O Bico da Arara fica na Fazenda Transval, o lugar onde nasci. Se bem que não tenho muita lembrança de lá, porque muito cedo fui morar na cidade. Os meus irmãos mais velhos contam a beleza daquele local, assim como os seus mistérios. O Bico da Arara era vasado de um lado a outro, por uma passagem secreta, que só aqueles mais afoitos tinham conhecimento. Lá dentro havia sido lugar de moradia para populações milenares, que ali deixaram as suas armas de pedras, machados, facas e assim por diante. Também encontraram muitos minérios, especialmente o rutilo, que foi negociado durante a II Guerra Mundial.

Minha mãe falava do Bico da Arara como um lugar distante e inacessível, por isso misterioso, ao qual ela só se dispôs a ver de certa distância. Era necessário subir uma serra muito alta para chegar lá e ela não queria gastar suas energias para fazer isso.

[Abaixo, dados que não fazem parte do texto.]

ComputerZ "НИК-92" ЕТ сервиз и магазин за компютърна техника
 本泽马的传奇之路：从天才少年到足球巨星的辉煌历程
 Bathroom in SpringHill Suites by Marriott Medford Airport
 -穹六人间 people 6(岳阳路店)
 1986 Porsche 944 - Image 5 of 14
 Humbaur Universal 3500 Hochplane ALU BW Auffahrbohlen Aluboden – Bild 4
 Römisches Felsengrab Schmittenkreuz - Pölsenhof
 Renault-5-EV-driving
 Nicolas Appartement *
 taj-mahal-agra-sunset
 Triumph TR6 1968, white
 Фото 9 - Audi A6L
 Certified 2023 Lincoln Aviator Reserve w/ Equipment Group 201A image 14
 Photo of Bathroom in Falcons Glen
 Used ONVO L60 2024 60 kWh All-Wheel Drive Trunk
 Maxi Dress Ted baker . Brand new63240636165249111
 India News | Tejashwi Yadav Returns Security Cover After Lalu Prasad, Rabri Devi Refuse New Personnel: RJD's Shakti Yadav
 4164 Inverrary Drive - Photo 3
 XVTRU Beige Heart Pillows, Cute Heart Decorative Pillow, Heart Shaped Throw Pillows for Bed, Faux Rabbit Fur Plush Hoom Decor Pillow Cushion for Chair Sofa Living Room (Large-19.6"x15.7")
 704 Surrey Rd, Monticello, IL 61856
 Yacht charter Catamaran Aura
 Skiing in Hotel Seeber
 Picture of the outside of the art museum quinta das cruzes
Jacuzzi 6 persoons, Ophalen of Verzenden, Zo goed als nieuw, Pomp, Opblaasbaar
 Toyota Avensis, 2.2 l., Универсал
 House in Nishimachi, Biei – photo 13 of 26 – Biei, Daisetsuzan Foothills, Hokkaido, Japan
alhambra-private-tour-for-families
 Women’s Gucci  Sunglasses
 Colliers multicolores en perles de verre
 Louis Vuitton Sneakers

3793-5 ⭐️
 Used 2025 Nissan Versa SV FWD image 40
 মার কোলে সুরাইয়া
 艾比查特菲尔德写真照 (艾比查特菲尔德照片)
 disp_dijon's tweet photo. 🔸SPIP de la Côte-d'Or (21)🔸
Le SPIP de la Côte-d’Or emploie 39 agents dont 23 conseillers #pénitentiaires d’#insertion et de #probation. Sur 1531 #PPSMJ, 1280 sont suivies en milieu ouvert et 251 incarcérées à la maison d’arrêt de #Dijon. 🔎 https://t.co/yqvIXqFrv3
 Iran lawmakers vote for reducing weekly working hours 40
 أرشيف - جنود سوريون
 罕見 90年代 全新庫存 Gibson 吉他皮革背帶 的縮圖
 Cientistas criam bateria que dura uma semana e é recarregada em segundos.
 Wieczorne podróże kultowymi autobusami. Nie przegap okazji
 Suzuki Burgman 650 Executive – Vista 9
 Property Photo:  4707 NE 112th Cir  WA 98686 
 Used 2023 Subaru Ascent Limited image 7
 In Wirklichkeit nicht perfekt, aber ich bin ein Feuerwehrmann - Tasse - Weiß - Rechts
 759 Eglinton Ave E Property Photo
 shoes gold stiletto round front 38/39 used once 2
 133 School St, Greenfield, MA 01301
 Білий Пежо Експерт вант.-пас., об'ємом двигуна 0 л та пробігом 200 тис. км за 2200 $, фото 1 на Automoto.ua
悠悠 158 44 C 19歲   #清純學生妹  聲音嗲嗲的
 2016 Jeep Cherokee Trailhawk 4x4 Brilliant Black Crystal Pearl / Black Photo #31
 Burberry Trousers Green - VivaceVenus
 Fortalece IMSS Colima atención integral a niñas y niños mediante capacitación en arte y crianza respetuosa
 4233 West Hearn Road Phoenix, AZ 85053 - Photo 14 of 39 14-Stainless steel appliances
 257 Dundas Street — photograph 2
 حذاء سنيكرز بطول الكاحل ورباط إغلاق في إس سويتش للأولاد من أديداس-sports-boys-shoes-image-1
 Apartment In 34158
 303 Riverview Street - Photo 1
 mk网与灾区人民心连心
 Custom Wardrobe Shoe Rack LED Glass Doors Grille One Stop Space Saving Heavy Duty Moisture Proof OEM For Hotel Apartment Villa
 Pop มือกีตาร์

A vegetação ao redor foi devastada, de modo que existe muito pouco do que costumava ser. Junto com isso, caçadores irresponsáveis dizimaram a fauna, especialmente os animais maiores, que já não habitam lá. Já não há onças, gatos maracajás. A vista à distância, entretanto, é a mesma, de modo que inexiste agora o ambiente de mistério.

E o Serrote do Arirão?

Este eu conheci nas minhas viagens ao redor, rumo ao distrito de Bonito, ou na estrada que liga Canindé a Santa Quitéria. Ele tem a forma do desenho do Pequeno Príncipe, de Antoine de Saint Exupéry: pode parecer um chapéu, ou uma cobra engolindo um animal grande, ou outra coisa qualquer. Não há como ficar fitando-o sem exercer a imaginação, sem deixar que a mente resvale para lugares desconhecidos e crie explicações improváveis para aquela forma inusitada. Ele fica em um lugar que não é muito acessível, por isso foi preservado por mais tempo.

Havia, até há poucos anos, uma grande águia que habitava o Serrote do Arirão. Todos os dias, quando o sol indicava que ia clarear a face da terra, esse grande pássaro alçava voo, à procura de alimentos. Voava a certa altura, dava rasantes em determinados lugares onde poderia encontrar comida, isto é, animais menores que poderiam alimentar sua fome por aquele dia.

Uma vez, um caçador de Canindé conseguiu abatê-la. Ele, o caçador, mostrou toda sua alegria por abater pássaro tão grande, que media dois metros de uma ponta à outra das suas asas. A população que se achegou para ver também manifestava a sua admiração e pedia ao caçador para repetir, mais uma vez, em que circunstância e como havia conseguido aquele feito. Foi um tiro certeiro que atingiu o coração do animal. Descobriu-se, em seguida, que este era o último exemplar daquela espécie.

A águia é um abutre que não faz parte do cardápio dos humanos. Sua carne é proibida pela Bíblia, embora seja digerível pelo estômago das pessoas. A carne dessa Águia do Arirão não foi aproveitada. Portanto, tratou-se de um prazer do caçador de matar por matar. Com isso, foi extinta a espécie nessa região do Sertão. Nunca mais foi visto aquele pássaro com voar altaneiro, nas primeiras horas do dia, em torno do Serrote do Arirão.

O que mais admira é que o caçador teve muitas pessoas da comunidade apoiando-o e admirando-se do seu feito. Ninguém o censurou, embora alguém, sem se manifestar audivelmente, tenha ficado a ser perguntar até onde iremos com essa relação tão nefasta entre a espécie humana e as outras espécies.

Independentemente de classe social, raça ou cor, nossa atitude em relação às demais espécies animais e vegetais tem sido, ao longo da história, uma relação nefasta, capaz de a longo prazo cavar nossa própria sepultura.

Porque nossa vida é entrelaçada com a biodiversidade do Planeta e de cada lugar.